Wife says: "He doesn't get it!" Husband says: "No matter what I do, she's never satisfied!"
The people I see in my practice are not bad people. They are generally good parents, good neighbours and good friends. They manage pretty well in most relationships except the one that matters most.
It is women, by and large, who end their marriages. Most men are not unhappy in their marriages. They are just unhappy with their wives’ unhappiness.
I believe that one of the reasons women are so unhappy in their marriages is that they want their men to be more relationally competent than most men know how to be. A wife wants her husband to know how he feels and what he wants; to be able to be vulnerable, sensitive, empathic and introspective.
The problem, however, as I see it, is that in our culture, still, boys are not being raised to know how to be intimate. Girls are still raised to focus on connection, while boys focus on achievement. Girls learn to get their sense of self-worth through connection to others, while boys learn to link self-worth with performance.

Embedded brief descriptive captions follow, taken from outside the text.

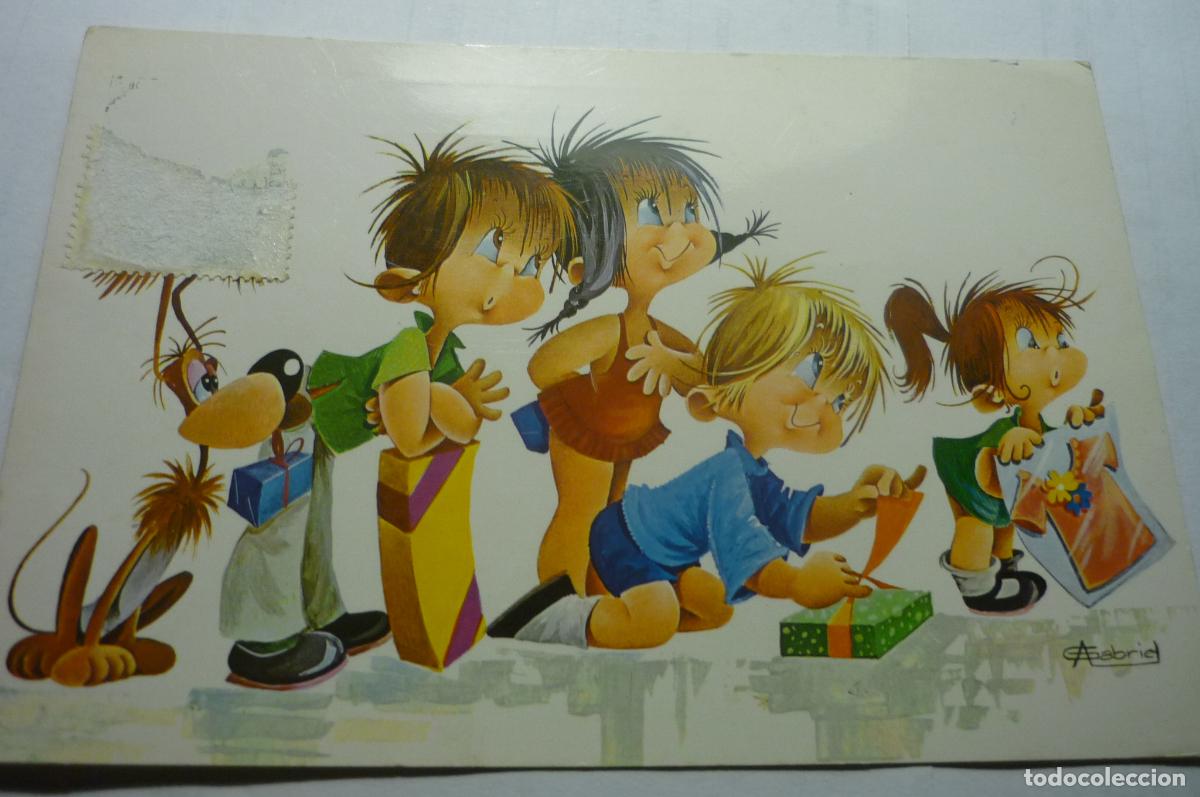 Postales: postal dibujon gabriel ni&ntilde;os con regalos escrita cy z 7065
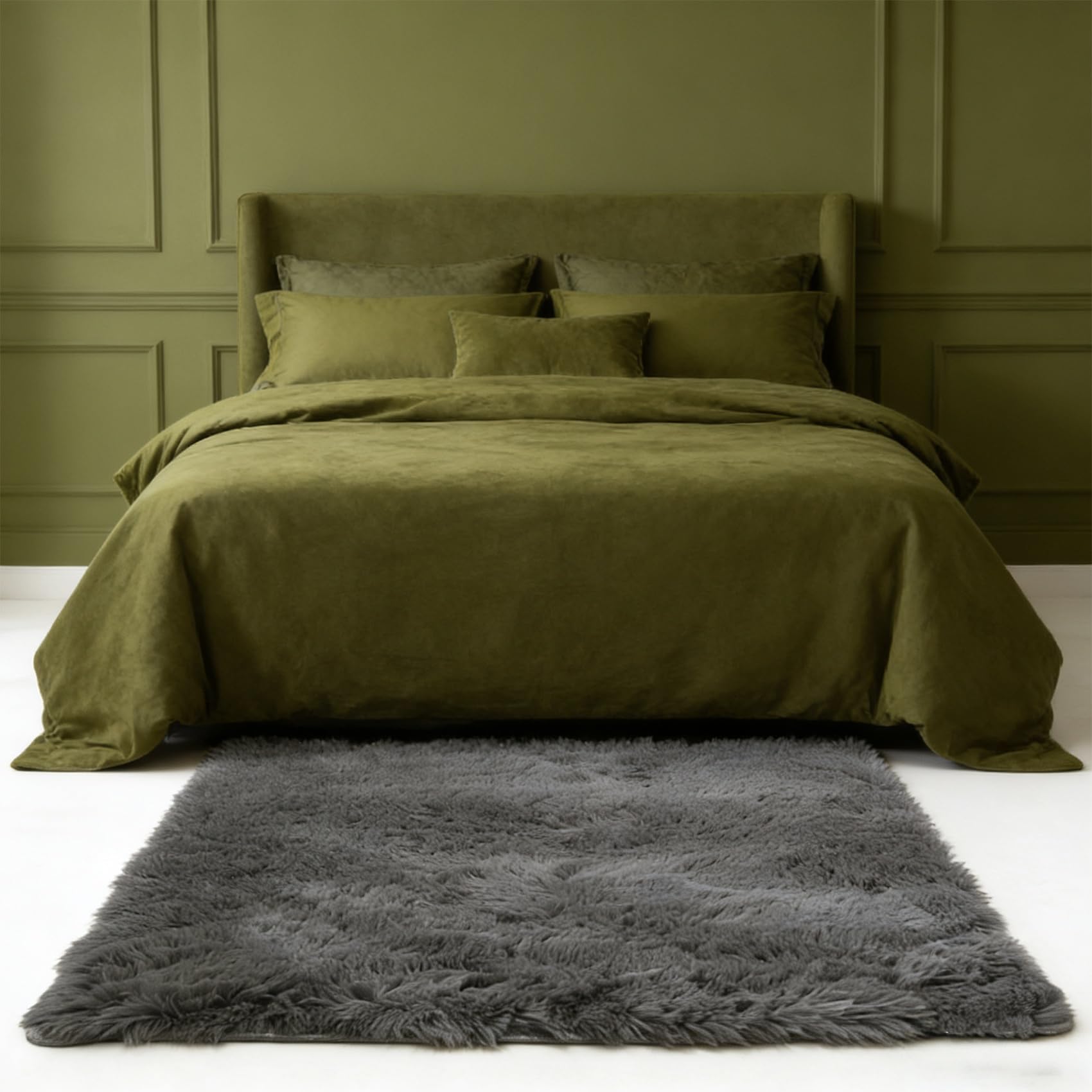 Tapis salon 112 x 220 cm gris moderne à poils longs moelleux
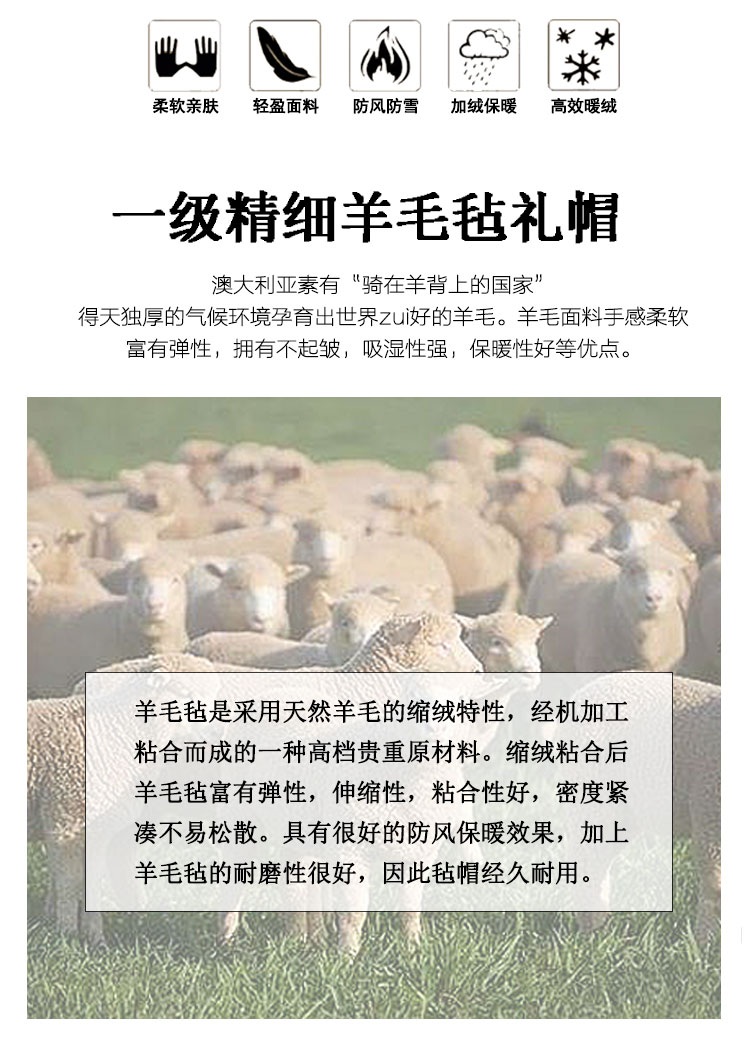 모자 클래식 페도라 여름 모직 여성 빅사이즈 울 남성 여자 성심 중절모 카우보이 가을 남자 - 상세 이미지 4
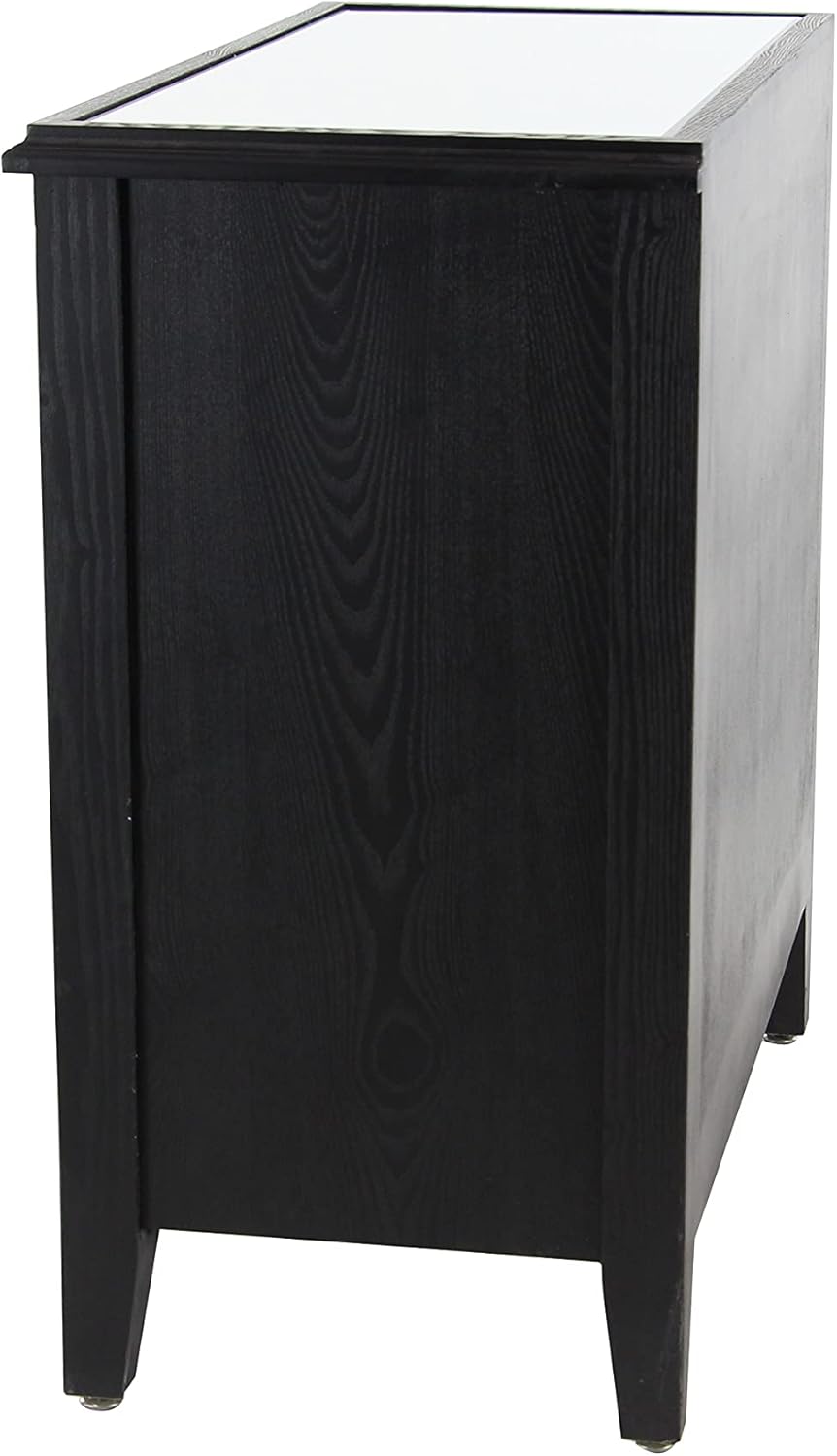 Black White 3 Drawer Wood and Metal Cabinet D91605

While women have changed profoundly over the last thirty years, they have not changed enough. Research shows that although women still do the lion’s share of housework, they continue to minimize this imbalance. Could this be because they still fear being abandoned for a younger, more compliant model? Divorce for women still results in an average 60% drop in their standard of living.
So, what happens is, that women either put their marriage on the line or swallow their needs and bury their resentment (along with their passion). They begin to fight less, give less, and finally feel less and eventually give up.

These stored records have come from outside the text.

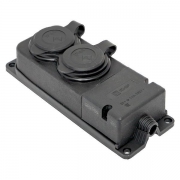 Розетка 2-м 16А IP44 2P+PE 230В с защ. крышками каучук PROxima EKF RPS-018-16-230-44-r RPS-018-16-230-44-r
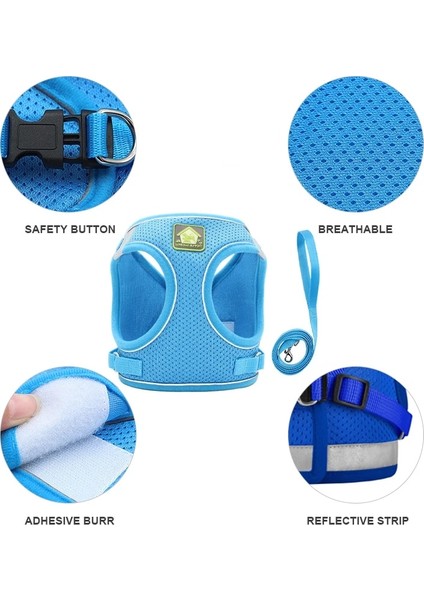 Mavi Stil Xl Beden Yansıtıcı Pet Kedi Koşum Yelek Tasma Seti Nefes Örgü Köpek Koşum Köpekler Kediler Malzemeleri Için Ayarlanabilir Kurşun Tasmalar (Yurt Dışından) indirimleri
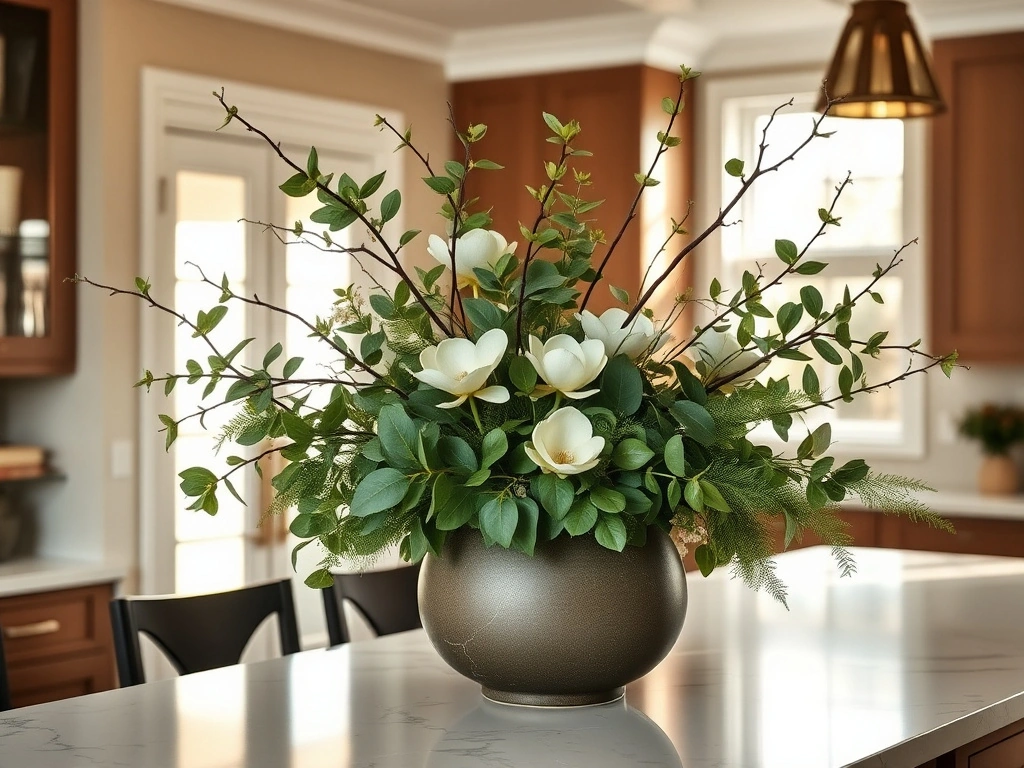 A sophisticated hybrid floral arrangement centerpiece on a kitchen island. the arrangement features a base of high-end...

If you are reading this and recognize yourself here, and you choose the therapy route, here is what you can expect. As a woman, you will learn to move away from complaints to speaking your truth effectively and setting real limits. Men, you will learn to listen and be authentic. And through this process, you will reclaim both emotional connection and passion.
As a couple, you can then co-create a new vision for relationship and live it on a daily practice. Intimacy - as I have come to understand it after 25 years of doing this work, both personally and professionally - is a skill set. It is not something a couple has. It is something a couple does.